Sollte es so enden? Eine unbeendete Reise, weil ich meine Familie nicht gefunden hatte? Eine Reise, die Opfer gefordert hatten?
Plötzlich werde ich von einer unerwarteten Stimme aus den Gedanken gerissen. Eine Stimme einer Frau. ,,Ich habe auf dich gewartet."

Ich horche auf. ,,Wer bist du?

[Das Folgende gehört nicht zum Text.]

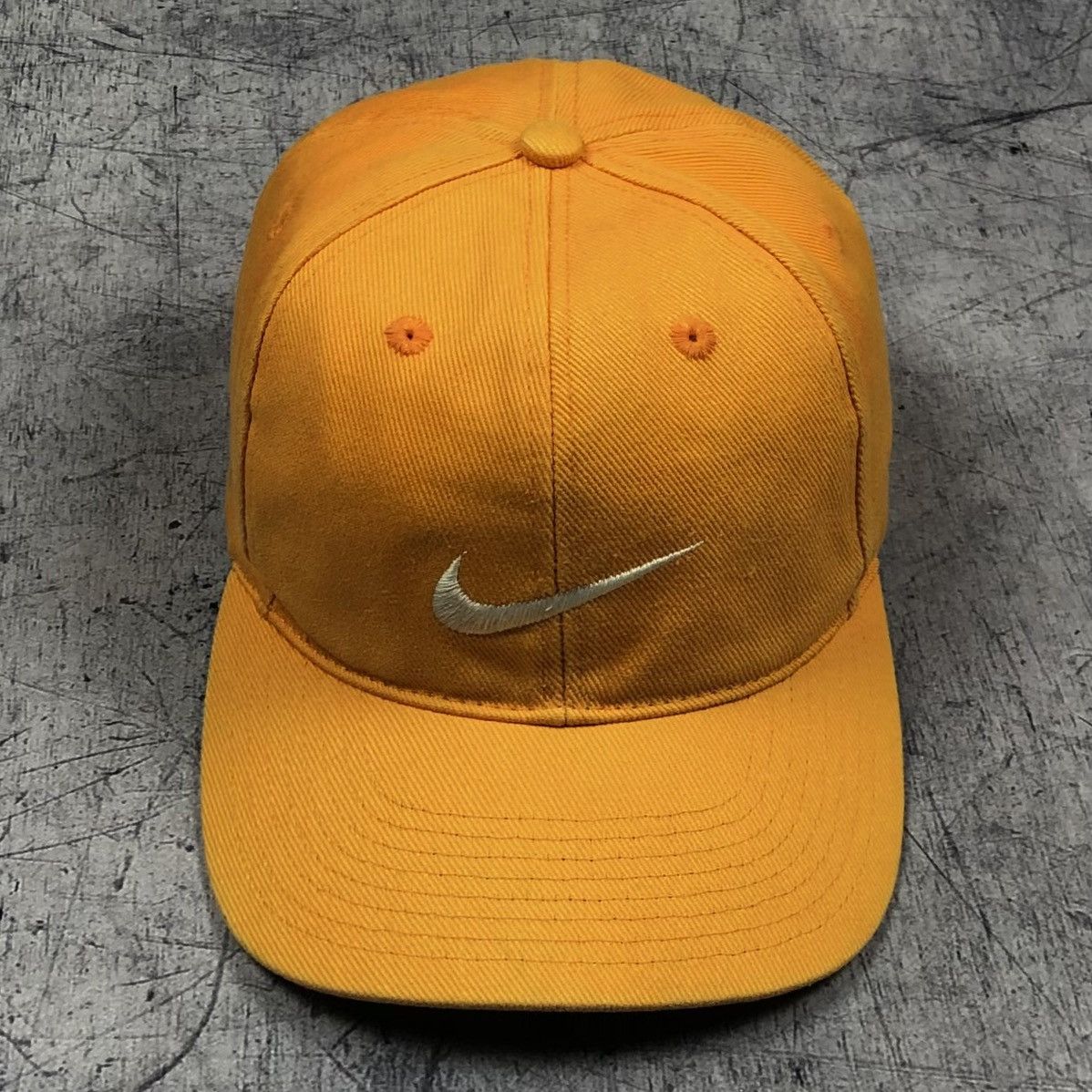 Nike Vintage 90s Nike Swoosh Cap Size ONE SIZE - 2 Thumbnail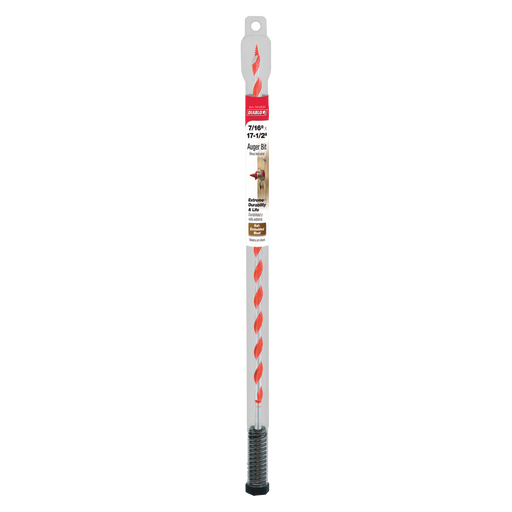 Diablo DAG3020 7/16" x 17-1/2" Auger Bit for Wood & Nail-Embedded Wood - Package image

Woher... Was...", stottere ich überrumpelt.
,,Ich weiß dass du jemanden wichtigen verloren hast.", fuhr sie fort ohne meine Fragen beantwortet zu haben.
,,Woher weißt du... Davon?", fragte ich sie. ,,Ich bin eine Seherin. Und ich weiß wo dein Vater und deine Schwester ist."
,,Wo sind sie?", schrie ich. Sie spielte mit mir. Sie versuchte mich zu locken.
,,Schließ dich der Rebellion an und ich werde dich zu deiner Familie und deiner Freiheit führen!", bat die Frau mir an und kam näher. Ich stolperte zurück. ,,Komm.", lockte sie mich weiter. ,,Woher soll ich wissen, dass ich dir vertrauen kann?" ,,Ich kenne deine andere Schwester, Paulie.", sagte sie. Es kam ihr so leicht von den Lippen. Ich ballte meine Hände zu Fäusten.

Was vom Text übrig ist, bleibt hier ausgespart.